Dr. Kessler: Of course. And today, Philip Morris says that it wants FDA regulation of tobacco products. We fought for regulation for a decade and then lost in the Supreme Court by one vote. We couldn’t get Congress to pass legislation, and we still have not.

I never thought that we would get Philip Morris to agree to regulation and not get the courts or Congress to agree. And that raises certain concerns. Do we give them their regulation? By doing so, we give them a stamp of social acceptability, the government’s imprimatur. It says, "It’s okay to continue selling this product, regardless of the consequences." So it certainly raises real concerns. The type of regulation Philip Morris wants and the type of regulation I would favor are still very different. I favor strong regulation that would give FDA control over tobacco products for decades to come.

ONI: Much of what you proposed as your initial concept of regulation was incorporated into the tobacco settlement agreement between 46 states and the tobacco companies. Has it actually helped reduce youth smoking?

Dr. Kessler: The big difference is that the FDA still does not have jurisdiction over tobacco products. With jurisdiction, we could put into place measures to reduce smoking.

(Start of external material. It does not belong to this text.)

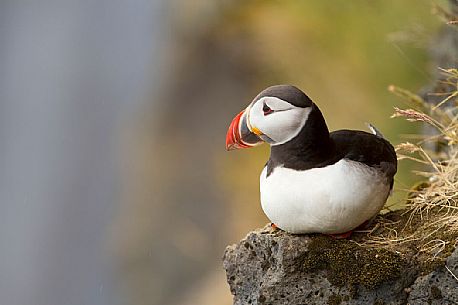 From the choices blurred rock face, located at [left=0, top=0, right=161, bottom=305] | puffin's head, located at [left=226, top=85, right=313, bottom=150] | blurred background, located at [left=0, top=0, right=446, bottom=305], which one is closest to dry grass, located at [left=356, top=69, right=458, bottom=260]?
puffin's head, located at [left=226, top=85, right=313, bottom=150]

But we now know how to reduce smoking in young people and even adults, even without regulation. We know the elements and the programs that work. We know that counter-advertising works. Messages aimed at industry manipulation and social acceptability work. What we need to do is take those measures and move them toward a national campaign.

ONI: How do you see the smoking situation being resolved?

Dr. Kessler: In the short term, we need strong FDA regulation, a strong national counter-advertising campaign, and price increases to deter young people from buying cigarettes.

In the long term, this industry is very vulnerable and at risk legally, and will be for decades. Multimillion-dollar verdicts are becoming commonplace. Every cigarette they sell only serves to increase their liability. So one day, major American tobacco companies are going to need to get out of the business. And at that time—and it is not going to happen in the short term—they may be forced to seek accommodations that are currently beyond our imagination.